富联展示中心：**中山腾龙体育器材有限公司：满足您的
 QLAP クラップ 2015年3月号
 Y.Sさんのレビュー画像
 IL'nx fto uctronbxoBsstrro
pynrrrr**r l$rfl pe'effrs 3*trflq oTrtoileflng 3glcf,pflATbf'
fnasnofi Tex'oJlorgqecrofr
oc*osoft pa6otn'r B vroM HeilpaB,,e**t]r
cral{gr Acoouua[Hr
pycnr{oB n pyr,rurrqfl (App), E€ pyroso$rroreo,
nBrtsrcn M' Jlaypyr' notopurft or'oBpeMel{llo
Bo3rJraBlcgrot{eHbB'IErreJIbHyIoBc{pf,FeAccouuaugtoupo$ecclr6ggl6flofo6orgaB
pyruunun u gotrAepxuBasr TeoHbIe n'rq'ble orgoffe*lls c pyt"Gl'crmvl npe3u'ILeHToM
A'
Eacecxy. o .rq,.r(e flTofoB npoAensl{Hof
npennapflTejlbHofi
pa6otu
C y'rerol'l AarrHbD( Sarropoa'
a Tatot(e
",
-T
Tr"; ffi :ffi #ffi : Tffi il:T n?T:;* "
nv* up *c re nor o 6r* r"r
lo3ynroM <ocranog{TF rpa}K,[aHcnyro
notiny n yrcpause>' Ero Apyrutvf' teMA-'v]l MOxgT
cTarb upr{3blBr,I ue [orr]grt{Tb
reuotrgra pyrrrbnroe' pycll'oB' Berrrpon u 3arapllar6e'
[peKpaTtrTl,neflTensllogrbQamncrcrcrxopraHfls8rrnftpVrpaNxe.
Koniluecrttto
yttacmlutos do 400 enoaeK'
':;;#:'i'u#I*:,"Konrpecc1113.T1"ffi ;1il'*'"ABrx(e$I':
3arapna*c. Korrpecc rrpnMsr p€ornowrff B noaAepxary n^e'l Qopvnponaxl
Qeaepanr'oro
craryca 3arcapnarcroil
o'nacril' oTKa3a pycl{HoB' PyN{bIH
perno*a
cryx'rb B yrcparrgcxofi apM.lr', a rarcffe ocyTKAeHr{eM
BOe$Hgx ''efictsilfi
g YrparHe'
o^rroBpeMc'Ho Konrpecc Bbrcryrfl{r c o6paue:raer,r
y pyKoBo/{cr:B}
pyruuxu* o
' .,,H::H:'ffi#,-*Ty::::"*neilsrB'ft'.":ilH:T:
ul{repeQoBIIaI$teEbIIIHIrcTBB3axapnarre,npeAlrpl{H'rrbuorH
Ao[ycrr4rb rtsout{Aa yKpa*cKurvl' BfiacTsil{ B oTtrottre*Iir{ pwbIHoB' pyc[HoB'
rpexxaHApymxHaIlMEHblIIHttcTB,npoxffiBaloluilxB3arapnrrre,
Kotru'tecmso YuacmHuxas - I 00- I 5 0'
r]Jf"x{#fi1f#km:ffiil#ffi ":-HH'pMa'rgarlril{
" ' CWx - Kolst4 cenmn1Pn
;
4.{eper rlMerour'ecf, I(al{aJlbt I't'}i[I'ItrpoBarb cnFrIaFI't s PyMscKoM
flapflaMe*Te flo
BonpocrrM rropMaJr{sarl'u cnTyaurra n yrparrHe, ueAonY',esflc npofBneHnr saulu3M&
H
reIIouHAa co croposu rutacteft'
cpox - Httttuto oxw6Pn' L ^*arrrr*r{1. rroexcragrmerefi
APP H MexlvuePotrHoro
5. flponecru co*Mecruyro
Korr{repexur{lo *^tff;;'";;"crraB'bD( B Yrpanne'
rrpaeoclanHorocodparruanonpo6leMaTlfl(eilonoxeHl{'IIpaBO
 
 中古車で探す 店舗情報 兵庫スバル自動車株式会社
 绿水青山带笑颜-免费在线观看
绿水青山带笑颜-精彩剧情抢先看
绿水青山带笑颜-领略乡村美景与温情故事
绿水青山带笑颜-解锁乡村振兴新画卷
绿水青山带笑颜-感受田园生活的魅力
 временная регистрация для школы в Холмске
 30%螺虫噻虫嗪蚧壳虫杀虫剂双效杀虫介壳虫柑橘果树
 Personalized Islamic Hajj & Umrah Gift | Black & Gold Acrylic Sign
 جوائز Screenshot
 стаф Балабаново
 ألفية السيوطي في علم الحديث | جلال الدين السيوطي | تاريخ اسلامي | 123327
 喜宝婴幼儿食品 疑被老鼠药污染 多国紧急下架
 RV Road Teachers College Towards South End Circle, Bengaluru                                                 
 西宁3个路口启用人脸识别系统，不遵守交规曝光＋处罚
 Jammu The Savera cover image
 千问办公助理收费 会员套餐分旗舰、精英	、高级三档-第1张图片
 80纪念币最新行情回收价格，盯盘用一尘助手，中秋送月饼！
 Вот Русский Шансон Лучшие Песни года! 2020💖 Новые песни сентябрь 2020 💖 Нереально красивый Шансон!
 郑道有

**YOUR TASK**
Please return the data above exactly as given.

**TASK SOLUTION**
富联展示中心：**中山腾龙体育器材有限公司：满足您的
 QLAP クラップ 2015年3月号
 Y.Sさんのレビュー画像
 IL'nx fto uctronbxoBsstrro
pynrrrr**r l$rfl pe'effrs 3*trflq oTrtoileflng 3glcf,pflATbf'
fnasnofi Tex'oJlorgqecrofr
oc*osoft pa6otn'r B vroM HeilpaB,,e**t]r
cral{gr Acoouua[Hr
pycnr{oB n pyr,rurrqfl (App), E€ pyroso$rroreo,
nBrtsrcn M' Jlaypyr' notopurft or'oBpeMel{llo
Bo3rJraBlcgrot{eHbB'IErreJIbHyIoBc{pf,FeAccouuaugtoupo$ecclr6ggl6flofo6orgaB
pyruunun u gotrAepxuBasr TeoHbIe n'rq'ble orgoffe*lls c pyt"Gl'crmvl npe3u'ILeHToM
A'
Eacecxy. o .rq,.r(e flTofoB npoAensl{Hof
npennapflTejlbHofi
pa6otu
C y'rerol'l AarrHbD( Sarropoa'
a Tatot(e
",
-T
Tr"; ffi :ffi #ffi : Tffi il:T n?T:;* "
nv* up *c re nor o 6r* r"r
lo3ynroM <ocranog{TF rpa}K,[aHcnyro
notiny n yrcpause>' Ero Apyrutvf' teMA-'v]l MOxgT
cTarb upr{3blBr,I ue [orr]grt{Tb
reuotrgra pyrrrbnroe' pycll'oB' Berrrpon u 3arapllar6e'
[peKpaTtrTl,neflTensllogrbQamncrcrcrxopraHfls8rrnftpVrpaNxe.
Koniluecrttto
yttacmlutos do 400 enoaeK'
':;;#:'i'u#I*:,"Konrpecc1113.T1"ffi ;1il'*'"ABrx(e$I':
3arapna*c. Korrpecc rrpnMsr p€ornowrff B noaAepxary n^e'l Qopvnponaxl
Qeaepanr'oro
craryca 3arcapnarcroil
o'nacril' oTKa3a pycl{HoB' PyN{bIH
perno*a
cryx'rb B yrcparrgcxofi apM.lr', a rarcffe ocyTKAeHr{eM
BOe$Hgx ''efictsilfi
g YrparHe'
o^rroBpeMc'Ho Konrpecc Bbrcryrfl{r c o6paue:raer,r
y pyKoBo/{cr:B}
pyruuxu* o
' .,,H::H:'ffi#,-*Ty::::"*neilsrB'ft'.":ilH:T:
ul{repeQoBIIaI$teEbIIIHIrcTBB3axapnarre,npeAlrpl{H'rrbuorH
Ao[ycrr4rb rtsout{Aa yKpa*cKurvl' BfiacTsil{ B oTtrottre*Iir{ pwbIHoB' pyc[HoB'
rpexxaHApymxHaIlMEHblIIHttcTB,npoxffiBaloluilxB3arapnrrre,
Kotru'tecmso YuacmHuxas - I 00- I 5 0'
r]Jf"x{#fi1f#km:ffiil#ffi ":-HH'pMa'rgarlril{
" ' CWx - Kolst4 cenmn1Pn
;
4.{eper rlMerour'ecf, I(al{aJlbt I't'}i[I'ItrpoBarb cnFrIaFI't s PyMscKoM
flapflaMe*Te flo
BonpocrrM rropMaJr{sarl'u cnTyaurra n yrparrHe, ueAonY',esflc npofBneHnr saulu3M&
H
reIIouHAa co croposu rutacteft'
cpox - Httttuto oxw6Pn' L ^*arrrr*r{1. rroexcragrmerefi
APP H MexlvuePotrHoro
5. flponecru co*Mecruyro
Korr{repexur{lo *^tff;;'";;"crraB'bD( B Yrpanne'
rrpaeoclanHorocodparruanonpo6leMaTlfl(eilonoxeHl{'IIpaBO
 
 中古車で探す 店舗情報 兵庫スバル自動車株式会社
 绿水青山带笑颜-免费在线观看
绿水青山带笑颜-精彩剧情抢先看
绿水青山带笑颜-领略乡村美景与温情故事
绿水青山带笑颜-解锁乡村振兴新画卷
绿水青山带笑颜-感受田园生活的魅力
 временная регистрация для школы в Холмске
 30%螺虫噻虫嗪蚧壳虫杀虫剂双效杀虫介壳虫柑橘果树
 Personalized Islamic Hajj & Umrah Gift | Black & Gold Acrylic Sign
 جوائز Screenshot
 стаф Балабаново
 ألفية السيوطي في علم الحديث | جلال الدين السيوطي | تاريخ اسلامي | 123327
 喜宝婴幼儿食品 疑被老鼠药污染 多国紧急下架
 RV Road Teachers College Towards South End Circle, Bengaluru                                                 
 西宁3个路口启用人脸识别系统，不遵守交规曝光＋处罚
 Jammu The Savera cover image
 千问办公助理收费 会员套餐分旗舰、精英	、高级三档-第1张图片
 80纪念币最新行情回收价格，盯盘用一尘助手，中秋送月饼！
 Вот Русский Шансон Лучшие Песни года! 2020💖 Новые песни сентябрь 2020 💖 Нереально красивый Шансон!
 郑道有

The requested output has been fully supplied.